[[ Data to use open ]]

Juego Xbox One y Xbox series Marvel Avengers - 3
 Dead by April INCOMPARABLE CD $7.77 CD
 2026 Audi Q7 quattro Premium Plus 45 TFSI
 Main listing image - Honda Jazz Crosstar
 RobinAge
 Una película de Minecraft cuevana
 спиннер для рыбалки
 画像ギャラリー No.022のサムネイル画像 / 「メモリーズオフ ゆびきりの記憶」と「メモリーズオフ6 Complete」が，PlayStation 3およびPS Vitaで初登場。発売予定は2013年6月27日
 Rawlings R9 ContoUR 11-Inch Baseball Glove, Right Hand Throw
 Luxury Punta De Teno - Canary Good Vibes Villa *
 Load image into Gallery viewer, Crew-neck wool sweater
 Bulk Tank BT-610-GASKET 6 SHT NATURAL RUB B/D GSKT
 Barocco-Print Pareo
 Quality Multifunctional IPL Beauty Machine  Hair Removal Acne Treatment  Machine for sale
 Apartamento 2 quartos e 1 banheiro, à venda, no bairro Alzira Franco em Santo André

[[ Data to use closed ]]

— Work instructions —
Quote only the lines from the line containing "спиннер для рыбалки" through the end of the listing, please, keeping both the first and the last line.

— Task solution —
 спиннер для рыбалки
 画像ギャラリー No.022のサムネイル画像 / 「メモリーズオフ ゆびきりの記憶」と「メモリーズオフ6 Complete」が，PlayStation 3およびPS Vitaで初登場。発売予定は2013年6月27日
 Rawlings R9 ContoUR 11-Inch Baseball Glove, Right Hand Throw
 Luxury Punta De Teno - Canary Good Vibes Villa *
 Load image into Gallery viewer, Crew-neck wool sweater
 Bulk Tank BT-610-GASKET 6 SHT NATURAL RUB B/D GSKT
 Barocco-Print Pareo
 Quality Multifunctional IPL Beauty Machine  Hair Removal Acne Treatment  Machine for sale
 Apartamento 2 quartos e 1 banheiro, à venda, no bairro Alzira Franco em Santo André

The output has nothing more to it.